# Team 22 29



## RenoPowers (Apr 22, 2007)

Did I mention it's going to be awesome!!! haha.


----------



## RenoPowers (Apr 22, 2007)

It's even better now than it was an hour ago...

-r


----------



## RenoPowers (Apr 22, 2007)

You guys don't even know how much fun I just had. Not more than 20 minutes ago, funness happened.


----------



## grandyoso (Aug 20, 2006)

Wow, thats amazing. Why don't you tell us all about it?


----------



## RenoPowers (Apr 22, 2007)

You got me... I'm shamelessly trying to draw attention to my cause. haha.

But you should check it out anyway?

-r


----------



## guide.jt (Jul 31, 2009)

why not just say" hey guys, i live in denver, im looking for some guys to set up a carpool with" the web sight looks like it took a lot of effort


----------



## RenoPowers (Apr 22, 2007)

guide.jt said:


> why not just say" hey guys, i live in denver, im looking for some guys to set up a carpool with" the web sight looks like it took a lot of effort


 
Two reasons I guess; 
a.) I don't live in Denver. 
2.) I'm not looking to set up a car-pool really.

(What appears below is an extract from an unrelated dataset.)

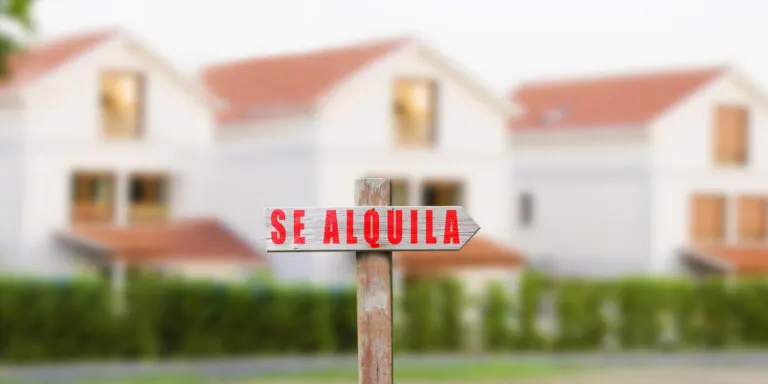 5 consejos útiles si deseas poner tu casa en alquiler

The site wasn't a ton of effort. But that makes me feel good if it looks like it did. I'll take it as a compliment even though I don't think that's what you were saying.

I'm actually going to try and do more with this thing. Truthfully, it started out as somewhat of a joke between some friends and I, starting a "team" and all. But the more I talked about some of the positives it could do, the more I felt like I should be doing them.
Nothing I have up there really expresses this shift in perspective, but I'm still working on the site and the message it send. For instance, while I thought my buddies catch phrase of "Shredding the snow, snorting the rails" was insanely funny, I don't think it really fits with something that's going to be used for good rather than evil...

It's evolving every day and hopefully if not this season, by next I'll have a solid foundation and a quality group of people on board.

-r


----------